Julie Roehm on How to Navigate Transformation in the Face of Adversity

Julie Roehm is an experienced marketing and customer success professional with a unique take on the industry and how women in particular can overcome challenges to find professional and personal success. Roehm herself has always sought out challenges that help her grow as an individual, leaving more comfortable positions for those that tested her skill set and pushed her to learn and adapt. One example of this is her resurrection of the Dodge brand and being named Marketer of the Year by BrandWeek, among other accolades. 

Recently, Roehm was asked to speak at the 2023 GDS CMO Summit as part of the Innovation Exchange Keynote. This included an overview of how to set a transformation strategy for a brand and the pivotal nature of creating advocates and ambassadors out of board members and c-suite peers. In explaining her experiences, Julie Roehm pulled from her time as Chief Experience Officer at Party City, presenting a case study on growth strategy and business development, which she oversaw during steady times as well as during the supply chain crisis created by the COVID-19 pandemic. 

As a professional marketing executive and thought leader in the digital marketing and transformation space, Roehm’s presentation was full of advice for leaders at all stages in their careers.
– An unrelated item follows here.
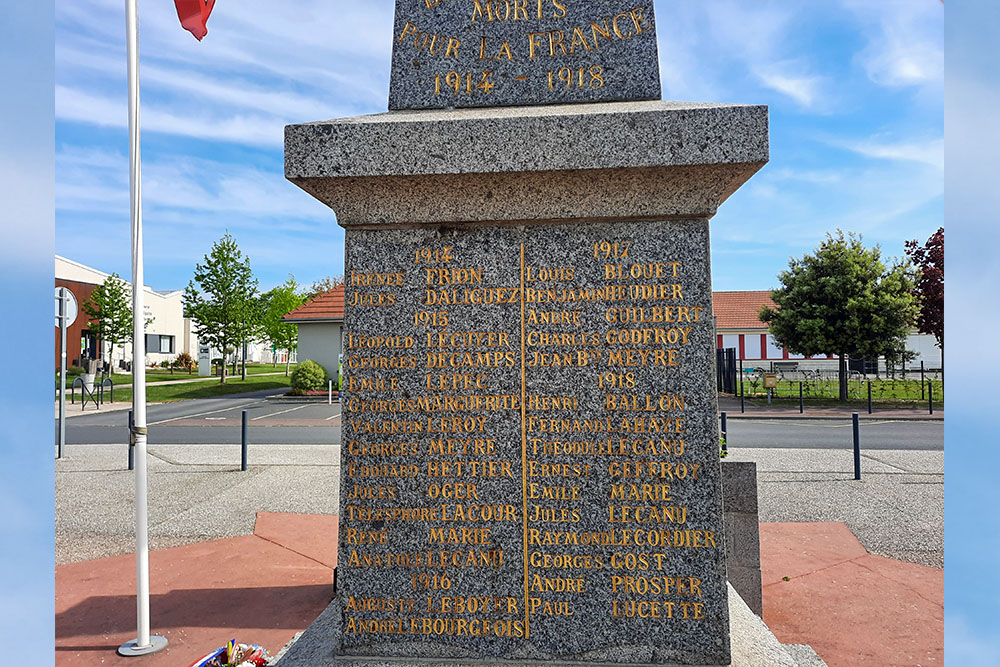 Oorlogsmonument Bretteville-l'Orgueilleuse #3
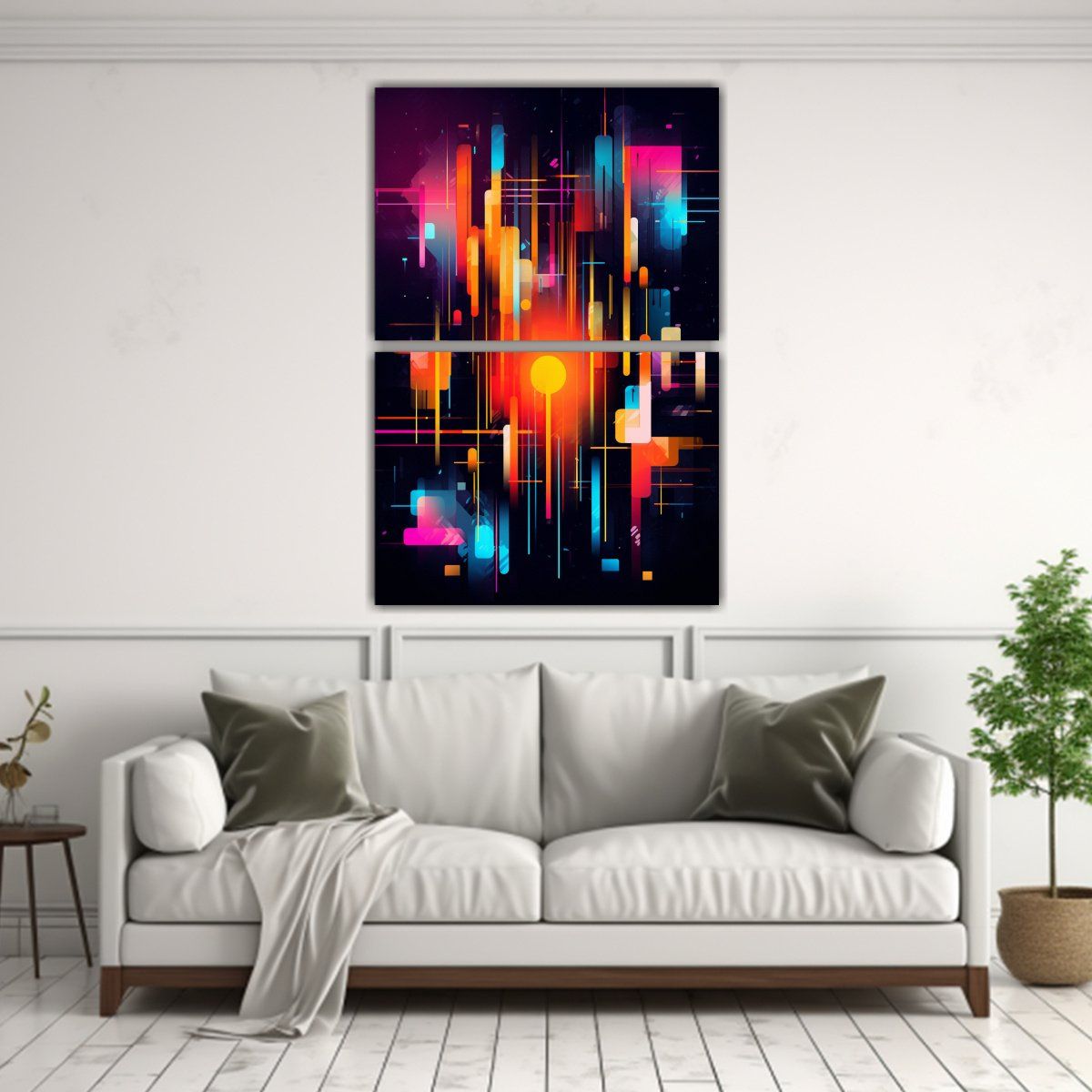 GENERICO - Cuadros Cálidos Abstractos Y Coloridos Estilo 45x60 Cm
Her own career has spanned a variety of customer engagement and satisfaction roles. In recognition of her achievements, Julie Roehm was also awarded an OnCon Icon award, making her a top 100 marketer in 2023. 

Keys to Transformation from Julie Roehm

Transformation takes a number of different forms according to Julie Roehm, from smaller change management oversight to alterations necessitated by organic corporate growth. Change management, Roehm posits, is much more than managing change. It’s a complex array of tasks that require someone skilled in the process to oversee it for the company to experience success. When leaders consider that change management is more than processes and encompasses the people side of the business as well, they can work together to ensure smoother transitions and the right resources for the right people at the right time. 

Gaining the support of a board of directors is also essential for effective transformation, especially during challenging times. She noted that “as adversity inevitably strikes, then sometimes the board or some of the board members can wane,” and leaders need to do their best to engage their board and c-suite to understand the importance of embracing change when it is necessitated. Roehm also explained that “a transformation isn’t an overnight scenario. It is a journey.” 

She shared how her role encompassed a wide variety of marketing and customer experience divisions in the company but that “nothing happens without the entire ELT, the executive leadership team.” She was able to coordinate efforts for transformation within her own teams while also communicating the need for evolution with the leaders of the company to get change management to take hold across the board. To do this, Roehm recommended that managers and leaders continuously communicate with other teams regarding their goals, outcomes, and changes in process. This can help them to create advocates and ambassadors across the organization that will champion for change, even in the face of those more risk-adverse individuals who are likely to resist.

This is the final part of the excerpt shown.